Pour parler clairement, nous sommes là aujourd’hui pour que soit remis à monsieur H. un billet d’avion qui va l’expulser en Allemagne… et il va avoir le choix entre aller par ses propres moyens à l’aéroport, ou demander à y être emmené par la police.
Madame O. est l’attachée de préfecture qui mène l’entretien. Sa mission est d’expliquer la procédure à monsieur H., de le faire signer et lui remettre le billet d’avion et les modalités. Pour ma part, je suis un simple bénévole qui accompagne monsieur H., à sa demande, afin de veiller au respect de la procédure et le soutenir aussi, un peu.
Monsieur H. est Afghan, il a quitté son pays parce que sa vie y était menacée. Sur son dossier est précisé qu’il est passé par le Pakistan, l’Iran, la Grèce, la Macédoine, la Serbie, la Croatie, l’Autriche et est arrivé en Allemagne début 2016, où il a déposé une demande d’asile. Ça n’était pas une bonne option : en 2016, ce pays a refusé l’asile à un Afghan sur deux. En France, il aurait eu 8 chances sur 10 d’obtenir l’asile.
Mais il n’a sans doute pas eu le choix : un accord européen dit « accord de Dublin« , fait qu’il devait demander la protection du premier pays européen où il était entré… enfin, le premier où ses empreintes auraient été prises (parfois de force). Comme il ne lui était pas possible d’obtenir un visa pour l’Europe, il est venu par voie terrestre, et n’a donc pas vraiment eu le choix.

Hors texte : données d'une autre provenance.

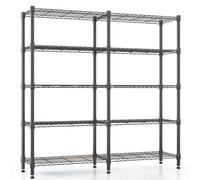 Himimi Estanterías de Almacenamiento de 5 Niveles Estantería de Metal para Almacenamiento Estantería de Alambre Ajustable en Altura Estantería de Alta Resistencia para Garaje, 152A*35P*183Hcm Negro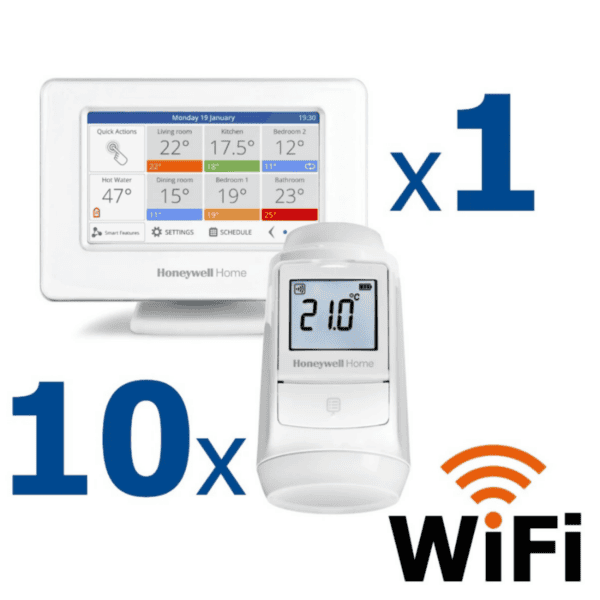 Kit termostat de ambient si 10 capete termostat smart pentru calorifer Honeywell Home, Wi-Fi, control de la distanta, siguranta pentru copii, detectare fereastra deschisa, protectie la inghet, afisaj digital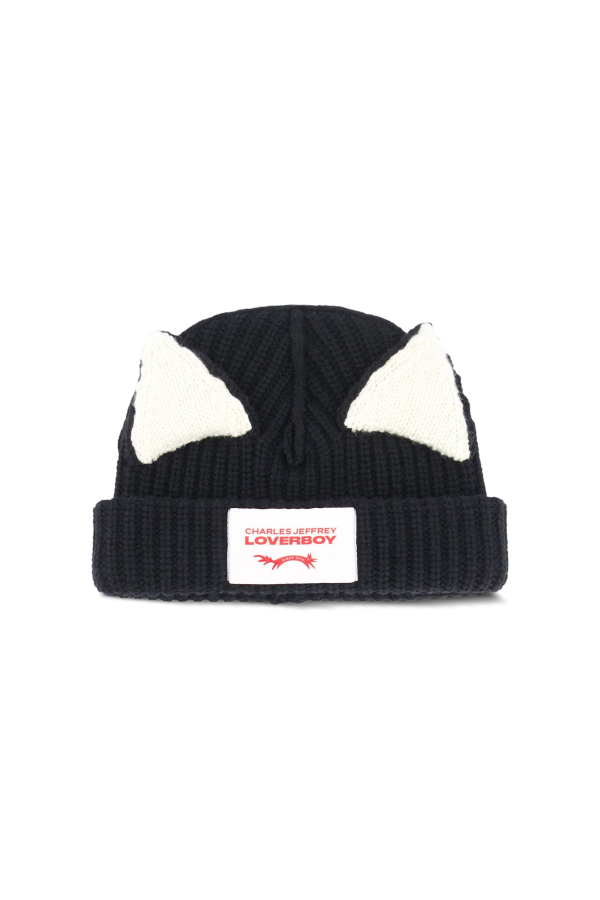 Charles Jeffrey Chunky Ears Beanie - Black/White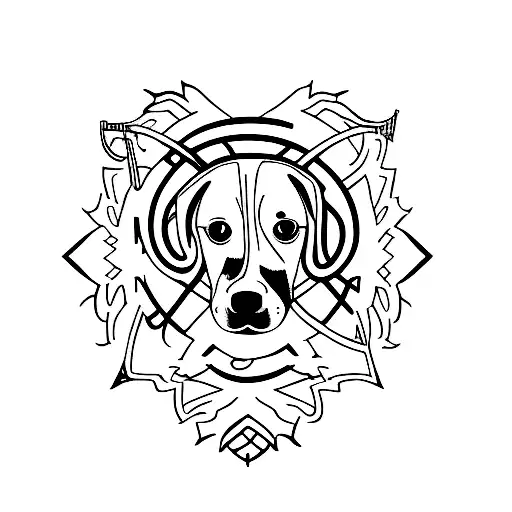 A Minimalist Tattoo Of A Musical Staff Forming The Shape Of A Dog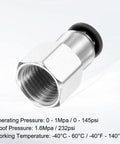 Push To Connect Pneumatic Fittings For Six Millimeter Tube OD To One Quarter Inch NPT Female Straight Quick Connect Air Line Fittings Black PCF6 N02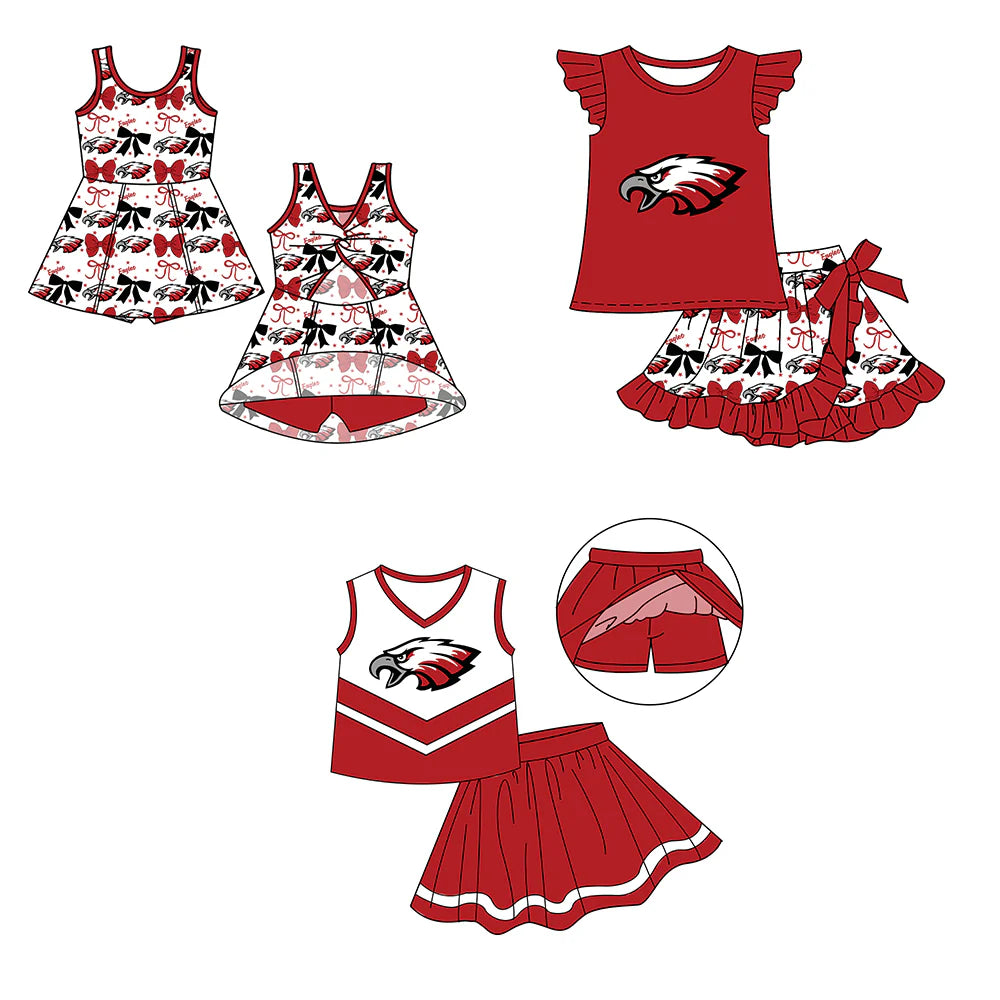 ( Moq 5 each style ) Baby Girl Summer Team Cheer Sibling Bows Dress Set 7.18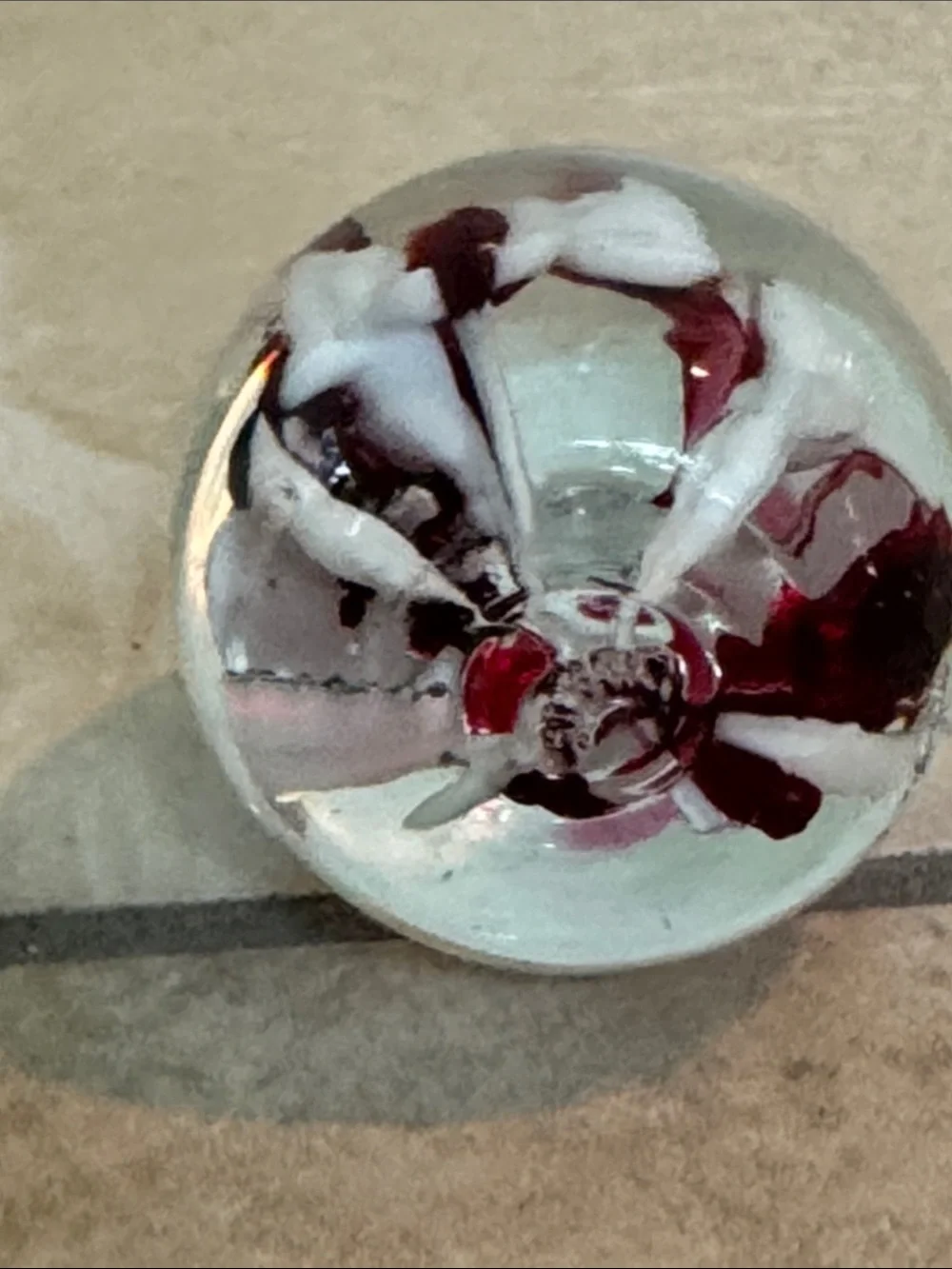 Art Glass Teardrop Paperweight With Red White Flowers Ring Holder hand blown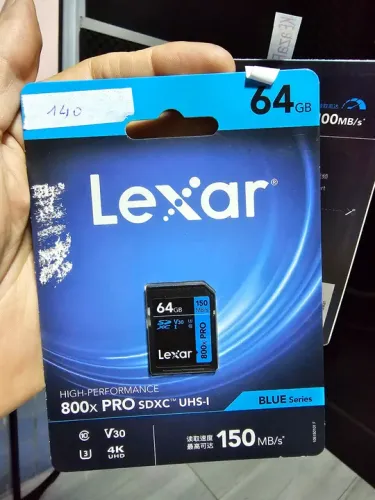 Cartão de Memória Lexar 64GB 800x PRO SDXC UHS-I - para camera digital Novo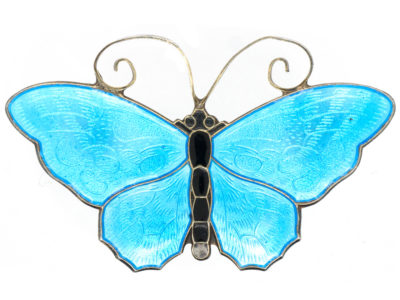 Silver & Turquoise Blue Enamel Brooch by David Andersen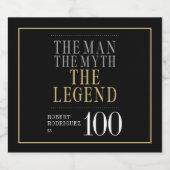 The Man The Myth The Legend 100th Birthday スパークリングワインラベル (シングルラベル)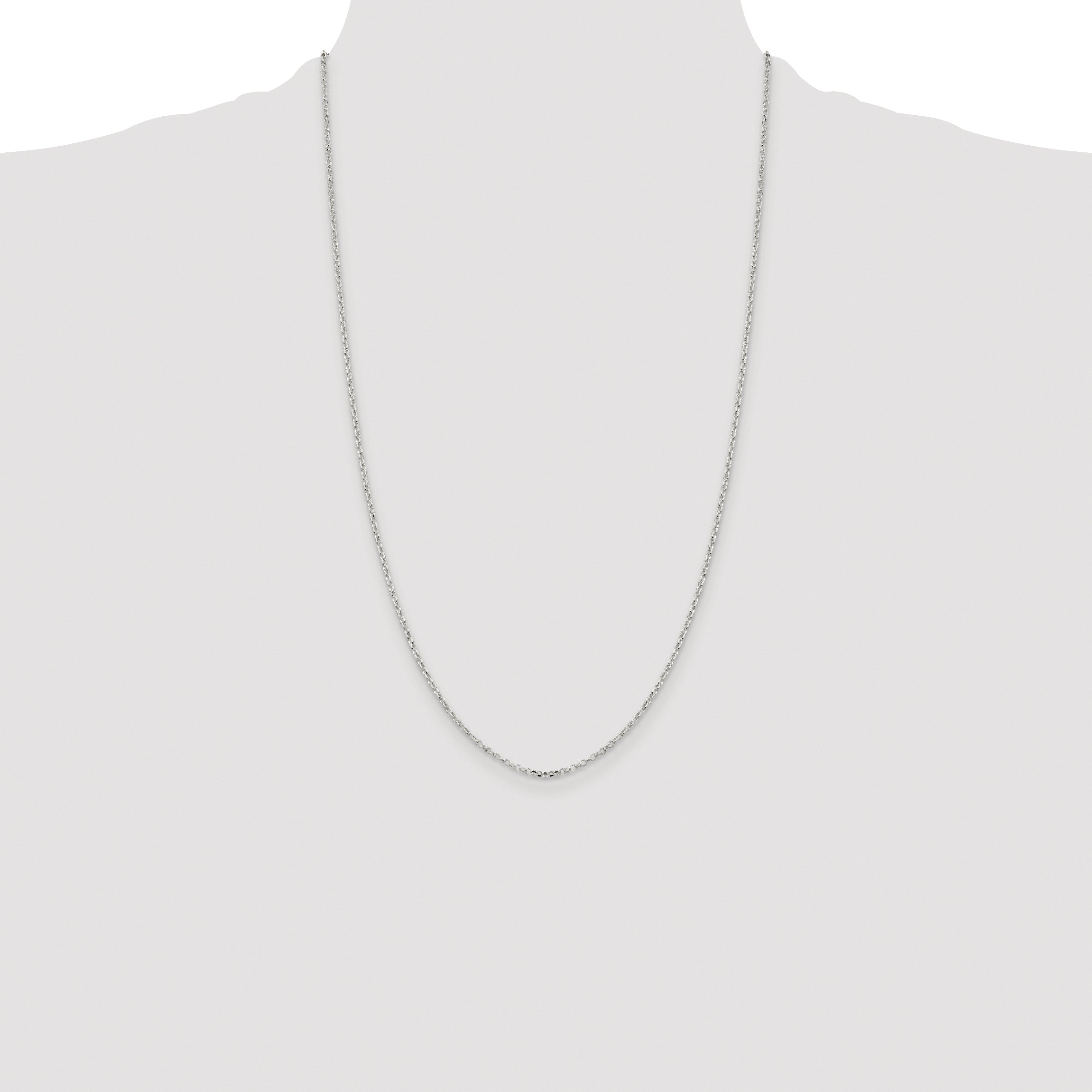 Sterling Silver Rhodium-plated 1.75mm Diamond-Cut Rolo Cable Chain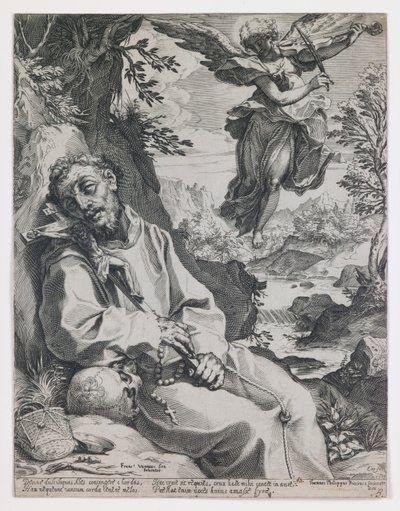 Den hellige Frans trøstet av den musiserende engelen av Agostino Carracci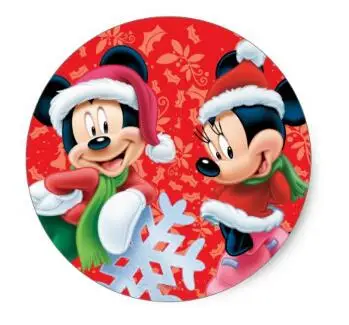 

1.5inch Mickey & Minnie With Snowflake Classic Round Sticker
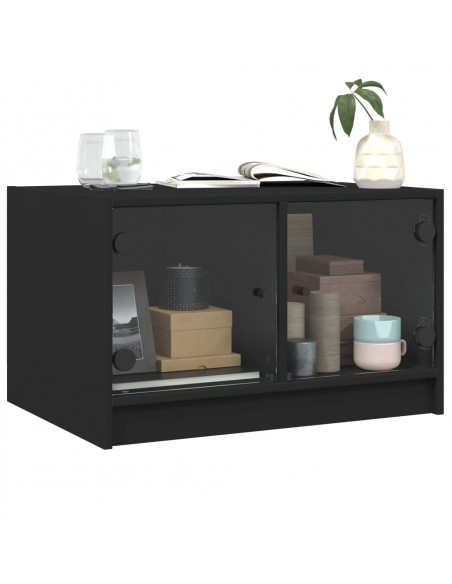 Tavolino da Salotto con Ante in Vetro Nero 68x50x42 cm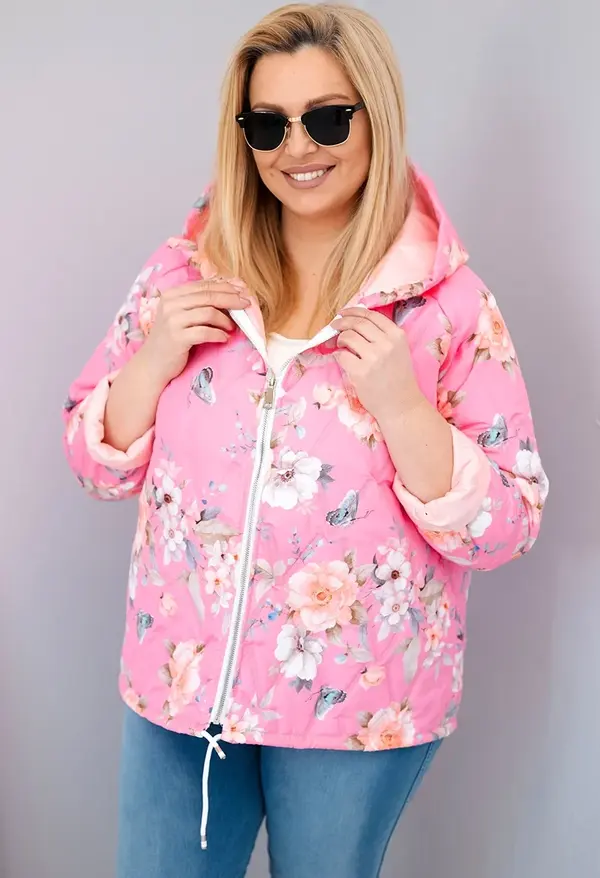 Kesi Włoski Дамско ватирано яке с качулка, флорален мотив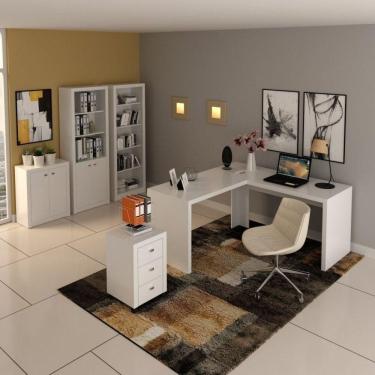Imagem de Conjunto Home Office 5 Peças com 1 Mesa 1 Armário 1 Gaveteiro 1 Estante 1 Balcão Espres...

Sa demande d’asile ayant été refusée en Allemagne, il craignait d’être renvoyé en Afghanistan. Ces craintes sont fondées, l’Allemagne, comme d’autres pays européens, a signé des accords avec certains pays, qui facilitent le retour forcé des personnes déboutées du droit d’asile. Monsieur H. est donc venu en France, espérant que ce pays lui offre sa protection. Mais arrivé à Paris, il a été auditionné par la préfecture de Police, puis devait avoir un autre rendez-vous afin de déposer officiellement une demande d’asile. Il aurait été mis en procédure « Dublin », mais aurait au moins pu bénéficier d’un peu d’aide le temps de l’étude de son dossier. La France pouvait, pour des raisons humanitaires, décider d’étudier sa demande. Mais pour cela, il aurait fallu au moins permettre à monsieur H. d’exposer ses raisons humanitaires.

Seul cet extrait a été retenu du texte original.